**Exercise instructions**
Write the records below out again. Match them exactly.

-*-

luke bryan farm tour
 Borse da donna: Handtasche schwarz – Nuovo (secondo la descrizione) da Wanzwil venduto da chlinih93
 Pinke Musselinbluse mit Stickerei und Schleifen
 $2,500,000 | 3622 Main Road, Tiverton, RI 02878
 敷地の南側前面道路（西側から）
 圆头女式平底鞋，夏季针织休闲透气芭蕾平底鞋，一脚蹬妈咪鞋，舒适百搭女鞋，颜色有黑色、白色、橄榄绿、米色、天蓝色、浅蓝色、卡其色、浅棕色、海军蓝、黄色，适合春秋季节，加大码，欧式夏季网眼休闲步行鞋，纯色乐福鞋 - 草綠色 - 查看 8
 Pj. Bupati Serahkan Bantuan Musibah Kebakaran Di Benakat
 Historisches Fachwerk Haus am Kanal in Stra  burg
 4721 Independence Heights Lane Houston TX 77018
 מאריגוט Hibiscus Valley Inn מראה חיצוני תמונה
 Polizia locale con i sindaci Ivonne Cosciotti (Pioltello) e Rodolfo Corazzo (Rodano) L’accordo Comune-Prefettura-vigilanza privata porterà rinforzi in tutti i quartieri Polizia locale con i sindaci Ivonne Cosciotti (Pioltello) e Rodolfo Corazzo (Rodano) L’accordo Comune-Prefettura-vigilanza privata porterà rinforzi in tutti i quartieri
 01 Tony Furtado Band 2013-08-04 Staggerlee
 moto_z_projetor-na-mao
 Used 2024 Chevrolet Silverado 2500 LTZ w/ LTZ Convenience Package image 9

-*-

**Solution to the exercise**
luke bryan farm tour
 Borse da donna: Handtasche schwarz – Nuovo (secondo la descrizione) da Wanzwil venduto da chlinih93
 Pinke Musselinbluse mit Stickerei und Schleifen
 $2,500,000 | 3622 Main Road, Tiverton, RI 02878
 敷地の南側前面道路（西側から）
 圆头女式平底鞋，夏季针织休闲透气芭蕾平底鞋，一脚蹬妈咪鞋，舒适百搭女鞋，颜色有黑色、白色、橄榄绿、米色、天蓝色、浅蓝色、卡其色、浅棕色、海军蓝、黄色，适合春秋季节，加大码，欧式夏季网眼休闲步行鞋，纯色乐福鞋 - 草綠色 - 查看 8
 Pj. Bupati Serahkan Bantuan Musibah Kebakaran Di Benakat
 Historisches Fachwerk Haus am Kanal in Stra  burg
 4721 Independence Heights Lane Houston TX 77018
 מאריגוט Hibiscus Valley Inn מראה חיצוני תמונה
 Polizia locale con i sindaci Ivonne Cosciotti (Pioltello) e Rodolfo Corazzo (Rodano) L’accordo Comune-Prefettura-vigilanza privata porterà rinforzi in tutti i quartieri Polizia locale con i sindaci Ivonne Cosciotti (Pioltello) e Rodolfo Corazzo (Rodano) L’accordo Comune-Prefettura-vigilanza privata porterà rinforzi in tutti i quartieri
 01 Tony Furtado Band 2013-08-04 Staggerlee
 moto_z_projetor-na-mao
 Used 2024 Chevrolet Silverado 2500 LTZ w/ LTZ Convenience Package image 9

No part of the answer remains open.